OpenAI published a research preview of gpt-oss-safeguard, a family of open-reasoning models designed to classify content according to policies you define. They come in two sizes, gpt-oss-safeguard-120b and gpt-oss-safeguard-20b, and are released under the Apache 2.0 license so anyone can use, modify, and deploy them.
What is gpt-oss-safeguard
It's a different approach from traditional classifiers. Instead of training a model to infer a policy from examples, gpt-oss-safeguard receives the policy at inference time and reasons about it to decide whether a message, a response, or a chat complies with that policy.

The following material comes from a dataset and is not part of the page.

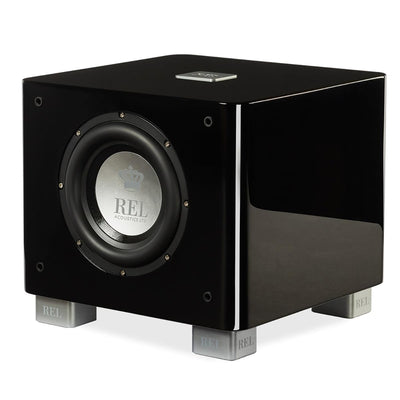 REL REL T/7x Subwoofer Subwoofers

Sounds odd? Think of it as handing the model the rules of the game just before asking for a verdict. That makes the tool flexible: you can tweak the rules without retraining a whole classifier.
How it works in simple terms
The model takes two inputs: the policy (the definition of what you consider harmful or not) and the to evaluate.
content
It returns a conclusion about where the content falls and explains its reasoning (chain-of-thought), so you can review how it reached that decision.

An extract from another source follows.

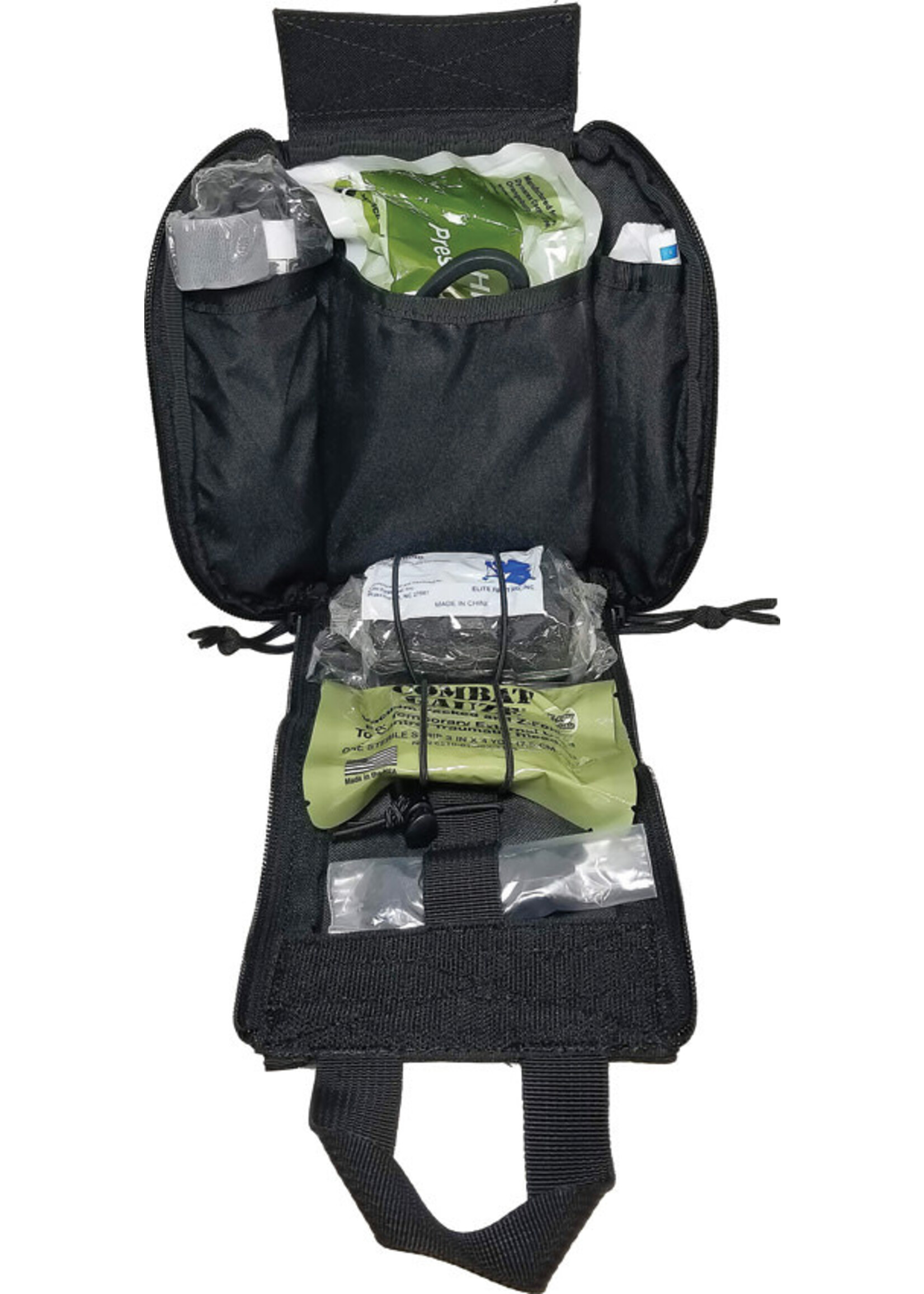 Patrol Trauma Kit Level 1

The policy isn't embedded in the model; it's provided on each call. That lets you iterate quickly.
Advantages and use cases
Flexibility: ideal when risk changes fast or rules need frequent tweaking.
Nuanced judgments: it works well in complex domains where a small classifier might fail.
Low-data scenarios: useful if you don't have thousands of examples to train a robust classifier.
Concrete examples: a gaming community that wants to detect conversations about cheating, or a review site trying to flag potentially fake reviews using its own policy.
Evaluation and performance
OpenAI tested the models on internal checks and public benchmarks. On multi-policy metrics (evaluating an input under multiple policies at once), gpt-oss-safeguard and OpenAI's internal Safety Reasoner outperformed other models, even larger ones in some months of testing.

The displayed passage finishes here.